Assalaamu’alaikum.
Alhamdulillaahirabbil’aalamiin, Allaahumma shalli ‘alaa Muhammad.
Wa’alaa ali shalli ‘alaa Muhammad.
Sahabat yang dirahmati Allah, pernahkah kita mendapati jiwa kita dalam
keadaan angkuh dan hati kita dalam keadaan keras? Ketika kita merasa berat
untuk melakukan kebaikan, ketika kita merasa berat untuk menundukkan hati di
dalam sholat kepada Allah, ketika kita merasa kita adalah orang yang paling
hebat di dunia ini, ketika kita tidak peduli dengan kepedihan yang terjadi di
lingkungan sekitar kita? Coba kita tengok kembali ke dalam diri kita dan
bertanyalah, “Apakah aku ingat pada kematian?”
Sahabat, kematian adalah sebuah kepastian, jasad kita akan terbaring
di dalam tanah dan berteman dengan cacing-cacing. Tetapi terkadang kita lupa,
terkadang kita terlalu berkonsentrasi dengan kepentingan duniawi untuk mencapai
angan-angan kita.
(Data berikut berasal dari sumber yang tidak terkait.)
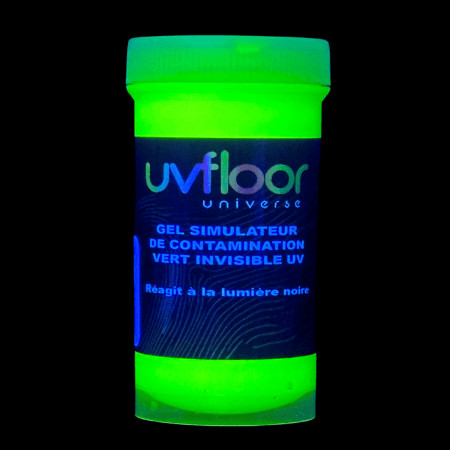 Hygiène des mains gel invisible UV vert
Seakan-akan kita tidak peduli dan justru ingin menghindari
kematian.
Allah swt berfirman dalam surat Al Jumuah ayat 8:
“Katakanlah, ‘Sesungguhnya kematian yang kamu lari daripadanya, maka
sesungguhnya kematian itu akan menemui kamu, kemudian kamu akan dikembalikan
kepada Allah, yang mengetahui yang gaib dan yang nyata, lalu Dia beritakan
kepadamu apa yang telah kamu kerjakan.’” (QS Al-Jumu’ah ayat 8)
Sudah sepantasnya kita mengingat, mempersiapkan, merencanakan,
memperhatikan, dan mengumpulkan daya untuk sebuah kematian. Rasulullah saw bersabda, “Orang yang cerdas
adalah orang yang menginstrospeksi dirinya dan beramal untuk kehidupan setelah
kematian.” (HR Tirmidzi)
Sahabat, mari kita ingat kembali teman-teman kita yang telah tiada.
Mereka yang 3 hari yang lalu masih tersenyum dengan kita, masih bercanda,
memegang jabatan, dan membagi ilmu, tetapi 2 hari yang lalu telah meninggal dan
terkubur di dalam tanah. Mereka telah terkubur dan wajah elok mereka telah
bercampur dengan tanah dan dimakan oleh cacing-cacing. Jika kita bayangkan diri
kita yang menggantikannya, apakah kita sudah siap? Sudah cukupkah bekal kita
untuknya?
Salah satu hal yang menyebabkan kita sering lupa dengan kematian
adalah panjang angan-angan. Rasulullah saw bersabda, “Perumpangaan anak Adam,
di sisinya adalah Sembilan puluh Sembilan kematian, jika ia luput dari beberapa
kematian, maka ia pasti jatuh dalam ketuaan.” (HR Tirmidzi). Ibnu Mas’ud
mengatakan, “Ini orang dan ini beberapa kematian yang ada di sekitarnya
berjalan kepadanya, ketuaan berada di belakang kematian, sedangkan angan-angan
berada di belakang ketuaan. Dia berangan-angan. Sedangkan beberapa kematian itu
berjalan kepadanya, maka kematian yang lebih cepat sampai akan mengambilnya.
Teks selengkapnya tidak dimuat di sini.